Ucapan Ulil yang melabeli Iqbal Damanik sebagai ‘Wahabi Lingkungan’ dan hanya menakut-nakuti masyarakat terkait kebijakan pertambangan, memancing kegeraman masyarakat luas. 

Netizen kemudian mengaitkan ucapan Ulil bahwa aktivis lingkungan hanya menebar ketakutan akan kerusakan lingkungan, dengan bencana yang benar-benar terjadi di Sumatra akibat pembabatan hutan, ekspansi kebun sawit dan kerusakan alam lainnya. 

Beruntung, Ulil menanggapi santai banjir hujatan yang diarahkan terhadap dirinya itu. 

“Dari kemaren hingga pagi ini saya mendapat serangan.
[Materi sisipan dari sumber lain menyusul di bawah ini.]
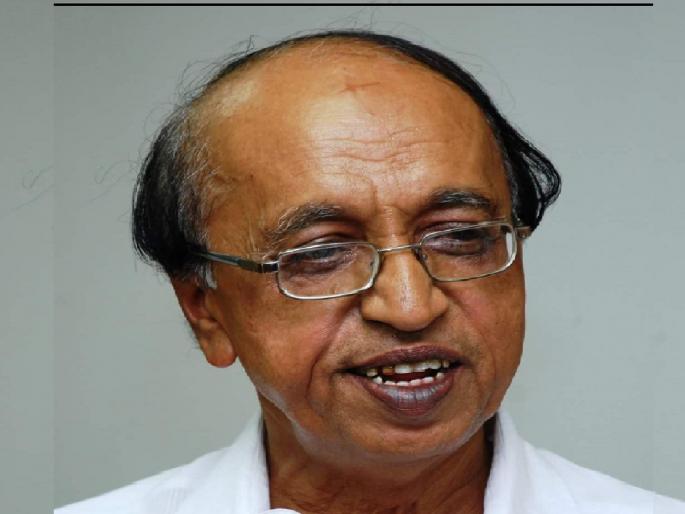 Electrician Pratap Hogade passed away due to cardiac arrest | Kolhapur: वीज तज्ञ प्रताप होगाडे यांचे हृदयविकाराच्या धक्क्याने निधन Electrician Pratap Hogade passed away due to cardiac arrest | Kolhapur: वीज तज्ञ प्रताप होगाडे यांचे हृदयविकाराच्या धक्क्याने निधन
Dibombardir telp dan wa ndak berhenti2. Isinya makian dan ancaman. Sekian, harap maklum,” tulis Ulil sembari membubuhkan emoticon senyum, dalam postingan di akun media sosialnya. 

Bela Kerabat di Konflik PBNU

Sikap Ulil yang kekeh membela sikap PBNU untuk mengambil konsesi tambang, memang banyak menuai kecaman dan kekecewaan dari koleganya.

Dalam kasus dualisme di tubuh PBNU, Ulil termasuk salah satu pengurus yang gigih membela Gus Yahya menghadapi proses pemakzulan. 

Hal itu menjadi wajar karena dia merupakan salah satu Ketua PBNU pada masa kepemimpinan Gus Yahya. Terlebih, Ulil juga masih berkerabat dengan Gus Yahya.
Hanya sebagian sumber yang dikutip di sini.